Each program wants to see memory as a sequence of consecutively numbered bytes, uninterrupted by either allocations to other programs or to the operating system. In this memory is placed both instructions and data. The data can have several flavors; it could be locations for global varilables, a fixed set of locations, available throughout the run of the computation; it could be dynamic, either temporary locations available only for the run of a function, or allocated and refered to by use of a pointer, carefully passed around to interested parties which need to reference the data.

It might use the same addresses for different data when compared to other programs. Usually all programs have the same start address. At this address, the same virtual address for all programs, is different data. The address space seen by the program is only virtual. The virtual space is provisioned with memory taken from the physical space of real memory. The memory management unit (MMU) makes this possible. The MMU is our hero.

The MMU maps pieces of virtual space to equal sized pieces of physical space. In this way, when the CPU goes to read from or write to a memory location, it indicates the location in virtual space numbering, a virtual address. The MMU is hardware that intervenes and converts that address to a physical location in real memory, the physical address.

Typically, the linker-loader lays out the program and its data into memory. A typical layout is: empty space, then the program in a read-only text area, then the static and pre-initialized data. Above this is the heap, the area for dynamically allocated data, which the C program would get using malloc. The C++ program can use new to create data structures (objects) in the heap. The heap is not of fixed size but grows upwards to the top of memory.

The top of memory is not the exhaustion of physical memory, but the exhaustion of virtual memory. Since virtual memory is virtual, you do not run out of substance ever. You run out of addresses. A 32-bit computer has enough addresses for 4 billion bytes of memory. Beyond this, you are no longer using "memory" in the sense of this section. It could be a file in a files system, those are longer than 4G possibly. It could be a stream from the network. But it cannot be placed into memory, regardless of your physical memory. Because virtual memory is exhausted.

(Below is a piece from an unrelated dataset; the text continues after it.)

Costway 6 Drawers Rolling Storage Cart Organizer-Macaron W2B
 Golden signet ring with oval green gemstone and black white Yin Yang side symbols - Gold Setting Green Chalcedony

The heap, in fact, cannot go up to the top of memory because the stack is at the top of memory, and it is growing down. Virtual memory is exhausted when the combined demands on the heap and stack use up all of the memory addresses which are in between. The stack is really where most of the data is stored. All local variables are there; practically everything you do not malloc and you have not made global (file scope) will be on the stack.

There is another reason that the heap might not be at the top of memory. Some operating systems truncate the full virtual space as allowed to the user programs, and place the operating system at the top of memory. Linux does this. Only 3G of virtual space is allowed the user. Between 3G and 4G virtual resides the kernel. This is done so that the kernel is part of every user program. When the user runs, the upper 1G is forbidden for read or write, but when the kernel runs, the full 4G is available, so that the kernel can read or write both its own data, and that of the user program.

Not all operating systems do this. OSX has completely distinct spaces for operating system and user programs.

The MMU is an hardware component on the CPU, and is an integral part of the computer architecture. When Intel releases a new CPU, the details of the MMU are just as important as the data crunching aspects. The component matches the virtual memory to the physical memory by use of look-up tables stored in the RAM. The tables are managed by the operating system, but are used by the hardware in an automatic way.

The MMU does not keep track of the association between virtual and physical memory on a byte-by-byte basis. It works in terms of units called pages and page frames.

A page can be various sizes, that depends on the technology of the CPU and also can be chosen within parameters of the CPU by the operating system. Linux uses a very typical 4K byte page size.

Each and every mmemory access goes through the MMU where the address is broken into the page portion and the offset in the page. The page number is looked up in the page table to get a page frame. The offset from the page is applied to the page frame in order to find the actual physical byte number needed to be retrieved. If the virtual address is 1492, and the page size is 100 bytes, the page number is 14, and the offset 92. If the 14-th entry in the page table says 27, then the byte will be found in memory at location 2792 - offset of 92 into the page frame 27.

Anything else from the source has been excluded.